Randall hizo una reverencia y le presentó una ornamentada bandejita de plata con un sobre lacrado en el centro.
– Un joven ha traído esto, milord. Ha dicho que es urgente y que espera una respuesta.
Justin enarcó las cejas.
– ¿Urgente?
– Sí, milord. Ha dicho que la nota procede de una tal señorita Hayley de Halstead y que va dirigida al señor Justin Mallory. Sí, eso es lo que ha dicho: señor Justin Mallory. -El gesto de desdén de Randall no dejó ninguna duda de lo ofendido que se sentía ante lo que él consideraba un imperdonable error de protocolo.
– ¿Ah, sí? -Justin bajó la mirada y se quedó helado cuando leyó el nombre del destinatario. Reconoció de inmediato la inequívoca inclinación de la letra de Stephen. ¿Por qué le enviaría Stephen un mensaje urgente a través de otra persona? ¿Quién dice que es el remitente?

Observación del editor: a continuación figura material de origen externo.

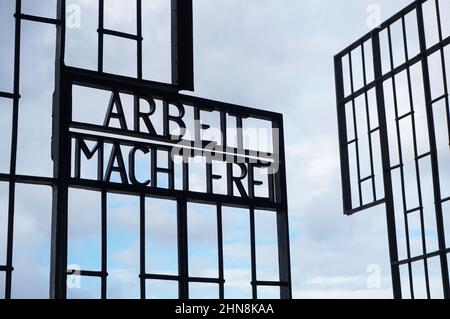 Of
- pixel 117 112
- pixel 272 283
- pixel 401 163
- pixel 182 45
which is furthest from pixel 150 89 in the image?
pixel 401 163

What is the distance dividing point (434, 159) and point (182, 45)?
463 centimetres

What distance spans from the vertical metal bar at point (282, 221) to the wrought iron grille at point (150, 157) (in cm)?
1

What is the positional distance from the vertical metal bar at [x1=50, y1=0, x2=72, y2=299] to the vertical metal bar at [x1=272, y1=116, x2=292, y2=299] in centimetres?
278

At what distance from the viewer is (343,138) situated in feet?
52.2

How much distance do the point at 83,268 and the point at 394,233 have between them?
6472mm

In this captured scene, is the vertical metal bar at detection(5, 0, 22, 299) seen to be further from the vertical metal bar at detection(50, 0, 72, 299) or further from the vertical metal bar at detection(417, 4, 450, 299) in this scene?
the vertical metal bar at detection(417, 4, 450, 299)

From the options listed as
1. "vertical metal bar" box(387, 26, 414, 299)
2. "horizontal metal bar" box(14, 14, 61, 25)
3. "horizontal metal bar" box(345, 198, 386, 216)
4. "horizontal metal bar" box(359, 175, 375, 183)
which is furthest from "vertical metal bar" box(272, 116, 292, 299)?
"horizontal metal bar" box(359, 175, 375, 183)

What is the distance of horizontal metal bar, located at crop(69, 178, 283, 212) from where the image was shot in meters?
9.55

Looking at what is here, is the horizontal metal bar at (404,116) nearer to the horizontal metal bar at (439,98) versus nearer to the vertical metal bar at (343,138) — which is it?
the horizontal metal bar at (439,98)

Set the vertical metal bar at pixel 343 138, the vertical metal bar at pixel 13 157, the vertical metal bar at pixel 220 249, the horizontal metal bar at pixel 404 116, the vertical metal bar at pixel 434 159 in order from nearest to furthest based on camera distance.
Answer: the vertical metal bar at pixel 13 157
the vertical metal bar at pixel 220 249
the vertical metal bar at pixel 434 159
the horizontal metal bar at pixel 404 116
the vertical metal bar at pixel 343 138

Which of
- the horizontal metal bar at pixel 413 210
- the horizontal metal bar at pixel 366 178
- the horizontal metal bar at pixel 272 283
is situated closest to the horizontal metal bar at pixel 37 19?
the horizontal metal bar at pixel 272 283

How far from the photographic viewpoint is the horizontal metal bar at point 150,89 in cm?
979

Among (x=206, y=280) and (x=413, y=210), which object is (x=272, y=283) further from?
(x=413, y=210) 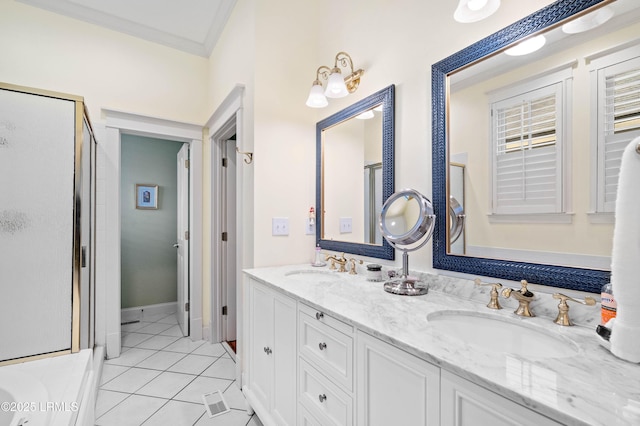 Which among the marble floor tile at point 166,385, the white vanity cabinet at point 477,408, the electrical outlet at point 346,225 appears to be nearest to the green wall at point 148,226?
the marble floor tile at point 166,385

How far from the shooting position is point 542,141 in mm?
1018

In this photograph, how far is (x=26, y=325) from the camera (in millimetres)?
1662

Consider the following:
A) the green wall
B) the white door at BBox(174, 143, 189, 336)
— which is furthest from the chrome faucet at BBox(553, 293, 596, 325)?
the green wall

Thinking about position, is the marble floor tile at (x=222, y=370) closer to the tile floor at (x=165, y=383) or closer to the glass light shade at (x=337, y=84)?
the tile floor at (x=165, y=383)

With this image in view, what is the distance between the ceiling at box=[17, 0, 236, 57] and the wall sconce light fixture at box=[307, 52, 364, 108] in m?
1.16

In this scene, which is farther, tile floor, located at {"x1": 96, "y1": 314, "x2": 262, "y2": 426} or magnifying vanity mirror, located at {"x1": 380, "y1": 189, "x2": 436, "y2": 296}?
tile floor, located at {"x1": 96, "y1": 314, "x2": 262, "y2": 426}

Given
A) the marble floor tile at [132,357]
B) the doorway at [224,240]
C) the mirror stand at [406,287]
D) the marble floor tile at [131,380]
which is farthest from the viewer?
the doorway at [224,240]

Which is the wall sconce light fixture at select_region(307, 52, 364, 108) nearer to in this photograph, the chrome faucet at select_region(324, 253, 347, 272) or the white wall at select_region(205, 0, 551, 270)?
the white wall at select_region(205, 0, 551, 270)

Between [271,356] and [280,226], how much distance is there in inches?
32.9

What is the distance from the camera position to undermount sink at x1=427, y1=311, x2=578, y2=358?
84 centimetres

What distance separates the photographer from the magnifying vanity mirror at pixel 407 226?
1302 mm

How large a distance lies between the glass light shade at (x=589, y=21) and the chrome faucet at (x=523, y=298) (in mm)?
813

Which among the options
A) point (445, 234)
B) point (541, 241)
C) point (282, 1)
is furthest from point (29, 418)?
point (282, 1)

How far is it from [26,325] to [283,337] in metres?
1.46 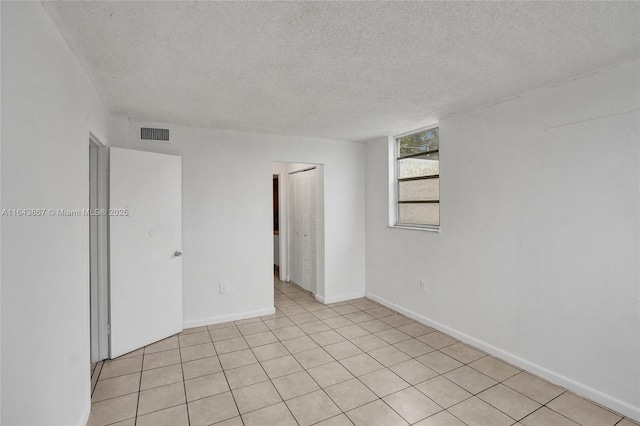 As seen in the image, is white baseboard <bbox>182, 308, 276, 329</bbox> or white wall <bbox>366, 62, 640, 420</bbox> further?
white baseboard <bbox>182, 308, 276, 329</bbox>

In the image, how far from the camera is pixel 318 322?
3.80 m

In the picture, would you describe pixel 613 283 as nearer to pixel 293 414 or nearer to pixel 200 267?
pixel 293 414

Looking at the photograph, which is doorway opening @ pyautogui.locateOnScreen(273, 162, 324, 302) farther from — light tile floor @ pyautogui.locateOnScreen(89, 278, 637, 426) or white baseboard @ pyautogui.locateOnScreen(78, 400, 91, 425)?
white baseboard @ pyautogui.locateOnScreen(78, 400, 91, 425)

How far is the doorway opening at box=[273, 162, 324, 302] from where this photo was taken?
4.62 meters

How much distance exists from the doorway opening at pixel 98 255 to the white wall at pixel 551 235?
339cm

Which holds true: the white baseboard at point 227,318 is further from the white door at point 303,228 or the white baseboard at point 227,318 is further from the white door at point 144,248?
the white door at point 303,228

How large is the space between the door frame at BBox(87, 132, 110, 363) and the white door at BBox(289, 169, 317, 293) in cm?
269

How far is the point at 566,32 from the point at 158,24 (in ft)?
7.37

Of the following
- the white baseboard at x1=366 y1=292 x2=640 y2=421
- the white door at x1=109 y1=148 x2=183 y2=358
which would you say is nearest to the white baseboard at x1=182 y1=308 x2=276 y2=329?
the white door at x1=109 y1=148 x2=183 y2=358

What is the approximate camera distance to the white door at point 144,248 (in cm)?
294

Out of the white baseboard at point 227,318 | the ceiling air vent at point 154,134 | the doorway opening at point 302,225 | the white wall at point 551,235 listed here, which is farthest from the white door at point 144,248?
the white wall at point 551,235

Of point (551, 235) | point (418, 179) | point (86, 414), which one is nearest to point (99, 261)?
point (86, 414)

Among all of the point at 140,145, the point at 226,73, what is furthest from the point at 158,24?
the point at 140,145

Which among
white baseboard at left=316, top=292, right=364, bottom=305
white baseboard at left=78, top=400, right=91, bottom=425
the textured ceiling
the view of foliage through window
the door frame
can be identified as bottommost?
white baseboard at left=78, top=400, right=91, bottom=425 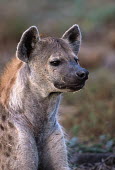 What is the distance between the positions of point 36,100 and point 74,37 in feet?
2.69

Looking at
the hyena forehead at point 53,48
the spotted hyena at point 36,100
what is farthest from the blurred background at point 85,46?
the spotted hyena at point 36,100

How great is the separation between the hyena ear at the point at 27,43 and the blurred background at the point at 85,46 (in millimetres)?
365

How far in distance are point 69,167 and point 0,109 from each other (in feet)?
2.99

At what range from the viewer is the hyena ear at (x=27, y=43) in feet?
18.6

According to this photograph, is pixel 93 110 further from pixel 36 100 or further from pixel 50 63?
pixel 50 63

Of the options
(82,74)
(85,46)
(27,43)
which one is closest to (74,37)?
(27,43)

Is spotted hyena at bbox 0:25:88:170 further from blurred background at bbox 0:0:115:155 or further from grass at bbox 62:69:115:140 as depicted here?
grass at bbox 62:69:115:140

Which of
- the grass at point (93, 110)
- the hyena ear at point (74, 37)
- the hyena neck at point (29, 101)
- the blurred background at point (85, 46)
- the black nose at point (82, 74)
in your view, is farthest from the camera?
the blurred background at point (85, 46)

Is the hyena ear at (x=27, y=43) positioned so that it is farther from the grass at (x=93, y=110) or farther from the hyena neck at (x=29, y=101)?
the grass at (x=93, y=110)

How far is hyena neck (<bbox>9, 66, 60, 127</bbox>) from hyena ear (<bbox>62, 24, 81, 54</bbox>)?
589 millimetres

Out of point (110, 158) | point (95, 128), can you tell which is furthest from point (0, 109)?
point (95, 128)

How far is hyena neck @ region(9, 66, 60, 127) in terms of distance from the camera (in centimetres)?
570

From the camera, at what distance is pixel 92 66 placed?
46.2 feet

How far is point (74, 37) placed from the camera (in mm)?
6137
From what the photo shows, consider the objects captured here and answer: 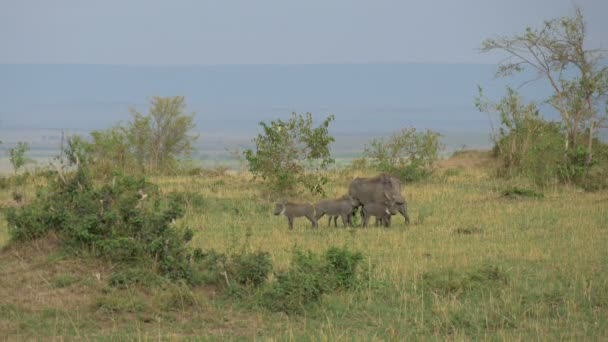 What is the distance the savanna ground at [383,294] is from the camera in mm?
9438

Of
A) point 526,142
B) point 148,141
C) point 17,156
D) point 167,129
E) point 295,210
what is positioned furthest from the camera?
point 167,129

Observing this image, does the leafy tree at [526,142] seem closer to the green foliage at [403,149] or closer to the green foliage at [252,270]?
the green foliage at [403,149]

– Una tal señorita Hayley Albright. De Halstead. Creo que eso está en Kent, milord.
– ¿Y dónde está el mensajero?
Randall frunció sus finos labios.
– Le he dicho a ese patán maleducado que espere en el portal.
– Ya entiendo. Déjeme a solas. Le llamaré en cuanto haya leído la nota.
– Sí, milord. -Randall salió de la habitación y cerró la puerta tras de sí.
En cuanto estuvo solo, Justin abrió el sobre y leyó rápidamente su contenido.
Querido Justin,
Mis planes de pasar varios días en mi pabellón de caza han cambiado. Estoy bien, pero quiero que vengas a la casa de los Albright, en Halstead, cuanto antes. Aquí todo el mundo cree que me llamo Stephen Barrettson y que soy tutor. Por favor, tráeme algo de ropa -no la más elegante, por favor-, algo propio de un tutor, y vístete tú también en consonancia. Me gustaría que te identificaras simplemente como Justin Mallory. También te pido que no reveles el contenido de esta carta ni mi paradero a nadie, ni siquiera a Victoria, hasta que hayamos hablado. Te espero esta tarde o, como mucho, mañana. Cuando nos veamos, te lo explicaré todo.
STEPHEN
Justin echó un vistazo a una segunda hoja de papel que contenía indicaciones para llegar a la casa de los Albright. «¿En qué lío se habrá metido Stephen?» Releyó la nota. Tuviera el problema que tuviese, por lo menos Stephen estaba bien, o eso decía. Pero era evidente que había algo que iba mal.
Guardándose la inquietante carta en el bolsillo, Justin se dirigió hacia el vestíbulo y abrió las pesadas y sólidas puertas de roble. Un joven que estaba sentado en el escalón de la entrada miró hacia arriba con expresión expectante.
– ¿Es usted el señor Mallory? -preguntó el joven, levantándose de un salto.